Swedish climate change celebrity Greta Thunberg sent “solidarity and gratitude” to activists around the world, including in world’s top polluter China, who were arrested for attempting to join her environmentalist movement, “Fridays for Future,” the South China Morning Post reported this week.
Fridays for Future is a movement founded by Thunberg that encourages students to engage in “strikes” by not attending school on Fridays to demand governments enact policies against the perceived threat of climate change. The Communist Party arrested activist Ou Hongyi last week for organizing a silent protest against the Chinese government’s pollution of the environment. Ou has signaled Thunberg as an inspiration and the greater global Fridays for Future family has embraced her.
Thunberg’s message of support to a detained Chinese dissident — a direct challenge to Chinese government policies — contrasts with her relative silence since her rise to fame regarding China’s abhorrent environmental policies, including emitting more than twice the carbon pollution of the world’s second-largest carbon emitter, the United States; destroying pivotal maritime ecosystems with illegal fishing and island construction; and destroying landscapes with unchecked rare-earth mining.

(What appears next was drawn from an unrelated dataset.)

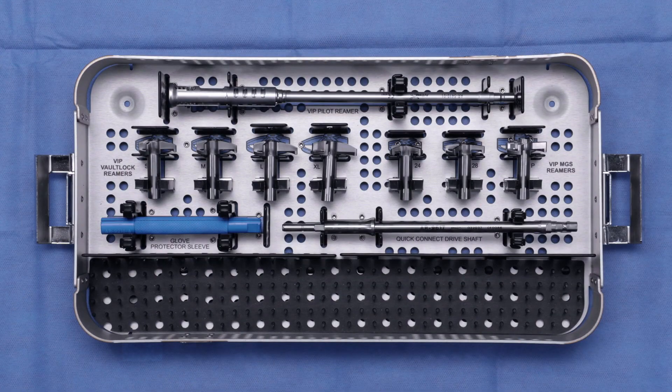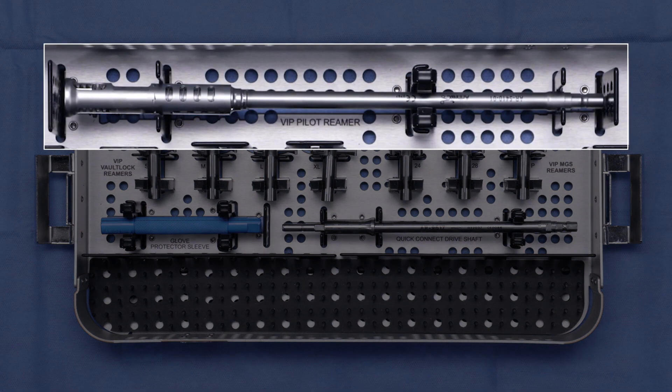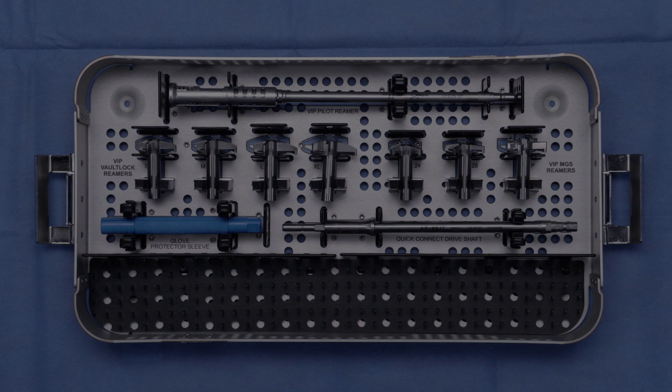Next, I wanted to introduce you to the VIP glenoid reamer tray. It's a pretty simple tray, but I just wanted to highlight a few things. First, we have our VIP pilot glenoid reamer. Next, we have the secondary reamers — secondary reamers for the vault lock and also for MGS — and then the standard reaming equipment from the other trays that you're used to.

Thunberg has angered the Chinese government, however, not with any environmental appeals, but through her public friendship with anti-communist Hong Kong dissident Joshua Wong, who she has described as inspirational.
According to the Morning Post, Ou attempted to organize a climate protest in Shanghai last Friday. In a post on Instagram, Ou explained that police detained her and removed her from the public eye after attempting a silent protest demanding better climate policy from the Communist Party. Ou later explained that police took her into a station and forced her to write a “self-criticism letter” — a common communist tactic in which state agents force dissidents to apologize for their values.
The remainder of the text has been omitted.